_WHAT YOU NEED TO DO_.
Go to the line containing "this 1270×952 image." in the listing below and retype it and every later line exactly, down to the last.

_DATA TO USE_.
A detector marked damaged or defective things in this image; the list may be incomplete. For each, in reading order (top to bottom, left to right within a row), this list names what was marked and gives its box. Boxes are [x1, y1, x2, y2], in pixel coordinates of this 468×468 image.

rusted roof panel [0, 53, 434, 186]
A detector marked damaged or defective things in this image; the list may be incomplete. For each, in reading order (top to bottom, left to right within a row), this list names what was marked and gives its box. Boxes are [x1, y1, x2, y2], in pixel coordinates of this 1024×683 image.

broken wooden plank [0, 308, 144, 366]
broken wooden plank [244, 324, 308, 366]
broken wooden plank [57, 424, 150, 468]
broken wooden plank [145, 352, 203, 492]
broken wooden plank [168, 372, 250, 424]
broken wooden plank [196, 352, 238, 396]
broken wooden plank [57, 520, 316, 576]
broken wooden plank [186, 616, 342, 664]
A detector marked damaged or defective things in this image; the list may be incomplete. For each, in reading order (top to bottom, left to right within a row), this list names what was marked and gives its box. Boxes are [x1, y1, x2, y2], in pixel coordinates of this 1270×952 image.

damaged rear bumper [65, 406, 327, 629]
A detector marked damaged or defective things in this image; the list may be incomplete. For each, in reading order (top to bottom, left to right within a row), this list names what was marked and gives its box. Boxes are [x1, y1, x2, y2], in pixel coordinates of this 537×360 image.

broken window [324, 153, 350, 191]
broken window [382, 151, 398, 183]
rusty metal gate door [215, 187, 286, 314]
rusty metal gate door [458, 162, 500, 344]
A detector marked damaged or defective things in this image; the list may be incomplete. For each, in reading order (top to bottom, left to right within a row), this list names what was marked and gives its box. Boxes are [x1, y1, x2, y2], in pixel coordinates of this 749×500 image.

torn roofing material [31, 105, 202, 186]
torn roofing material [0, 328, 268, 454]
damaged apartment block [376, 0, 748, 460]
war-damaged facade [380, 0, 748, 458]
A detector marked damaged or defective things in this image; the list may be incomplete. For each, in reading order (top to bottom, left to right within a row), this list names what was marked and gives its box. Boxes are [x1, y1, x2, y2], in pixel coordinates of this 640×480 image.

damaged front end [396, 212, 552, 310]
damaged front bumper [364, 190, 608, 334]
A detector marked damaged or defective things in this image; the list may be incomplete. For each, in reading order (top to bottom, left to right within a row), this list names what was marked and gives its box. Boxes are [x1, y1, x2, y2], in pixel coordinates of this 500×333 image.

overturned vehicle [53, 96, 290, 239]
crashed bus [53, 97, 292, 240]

_WORKED SOLUTION_.
A detector marked damaged or defective things in this image; the list may be incomplete. For each, in reading order (top to bottom, left to right within a row), this list names what was marked and gives its box. Boxes are [x1, y1, x2, y2], in pixel coordinates of this 1270×952 image.

damaged rear bumper [65, 406, 327, 629]
A detector marked damaged or defective things in this image; the list may be incomplete. For each, in reading order (top to bottom, left to right within a row), this list names what was marked and gives its box. Boxes are [x1, y1, x2, y2], in pixel coordinates of this 537×360 image.

broken window [324, 153, 350, 191]
broken window [382, 151, 398, 183]
rusty metal gate door [215, 187, 286, 314]
rusty metal gate door [458, 162, 500, 344]
A detector marked damaged or defective things in this image; the list may be incomplete. For each, in reading order (top to bottom, left to right within a row), this list names what was marked and gives its box. Boxes are [x1, y1, x2, y2], in pixel coordinates of this 749×500 image.

torn roofing material [31, 105, 202, 186]
torn roofing material [0, 328, 268, 454]
damaged apartment block [376, 0, 748, 460]
war-damaged facade [380, 0, 748, 458]
A detector marked damaged or defective things in this image; the list may be incomplete. For each, in reading order (top to bottom, left to right within a row), this list names what was marked and gives its box. Boxes are [x1, y1, x2, y2], in pixel coordinates of this 640×480 image.

damaged front end [396, 212, 552, 310]
damaged front bumper [364, 190, 608, 334]
A detector marked damaged or defective things in this image; the list may be incomplete. For each, in reading order (top to bottom, left to right within a row), this list names what was marked and gives its box. Boxes are [x1, y1, x2, y2], in pixel coordinates of this 500×333 image.

overturned vehicle [53, 96, 290, 239]
crashed bus [53, 97, 292, 240]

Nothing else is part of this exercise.